We invite you to look at the photos and hear the cries of pain; as you will see, you need no scientific background to be able to interpret them – only a little common sense.

4. Shame in the eyes of our children:

We feel shame when we see that our children are being educated in an aggressive society which does not respect the environment. We live in an age shadowed by threats to an ecological balance and yet we permit the mistreatment of animals. bull fighting is symbolic of an irresponsible and contradictory attitude.

How are we going to be able to explain to future generations that our mistreatment of animals has become emblematic of our country. We must strive for a better future, a better world which is respectful, compassionate and sustainable.

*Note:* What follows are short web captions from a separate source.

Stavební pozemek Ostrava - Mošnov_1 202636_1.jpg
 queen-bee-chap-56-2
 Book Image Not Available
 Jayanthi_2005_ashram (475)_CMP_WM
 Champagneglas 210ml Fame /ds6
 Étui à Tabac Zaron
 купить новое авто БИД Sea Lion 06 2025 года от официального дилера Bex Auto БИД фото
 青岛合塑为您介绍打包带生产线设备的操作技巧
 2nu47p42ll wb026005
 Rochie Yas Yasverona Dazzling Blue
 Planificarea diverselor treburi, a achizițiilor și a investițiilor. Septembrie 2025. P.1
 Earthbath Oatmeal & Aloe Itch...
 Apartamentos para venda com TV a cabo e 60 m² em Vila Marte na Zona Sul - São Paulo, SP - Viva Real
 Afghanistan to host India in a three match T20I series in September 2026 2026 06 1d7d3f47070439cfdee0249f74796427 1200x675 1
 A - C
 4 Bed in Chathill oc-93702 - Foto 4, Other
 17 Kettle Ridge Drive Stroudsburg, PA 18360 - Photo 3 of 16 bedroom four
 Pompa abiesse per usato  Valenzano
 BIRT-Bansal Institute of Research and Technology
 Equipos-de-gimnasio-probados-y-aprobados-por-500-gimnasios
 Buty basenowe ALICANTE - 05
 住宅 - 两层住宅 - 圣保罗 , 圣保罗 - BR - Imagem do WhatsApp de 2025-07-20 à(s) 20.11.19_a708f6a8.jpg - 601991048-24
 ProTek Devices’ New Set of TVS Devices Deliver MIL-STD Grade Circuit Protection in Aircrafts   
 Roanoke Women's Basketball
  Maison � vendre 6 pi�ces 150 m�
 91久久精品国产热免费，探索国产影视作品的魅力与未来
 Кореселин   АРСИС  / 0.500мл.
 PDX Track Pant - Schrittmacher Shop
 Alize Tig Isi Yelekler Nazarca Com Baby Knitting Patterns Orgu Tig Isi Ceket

5. Shamed by the absence of democracy:

The figures speak for themselves. Why should we, the tax-payers who have reiterated our opposition to bull fighting, have to pay for the breeding of fighting bulls and the restoration of bull-rings and the related publicity?

There is 30% support for bull fighting but there is an equal number, 30% against it and the remaining 40% show no interest whatsoever. How are we to interpret these numbers?

We, 70% of the population, are paying for a bloodthirsty pastime of a mere fourth of the population of Spain. Is this not a shame that democracy is so absent? Is it not a shame that not only do we have to pay for bull fighting but that we also feel ashamed of it.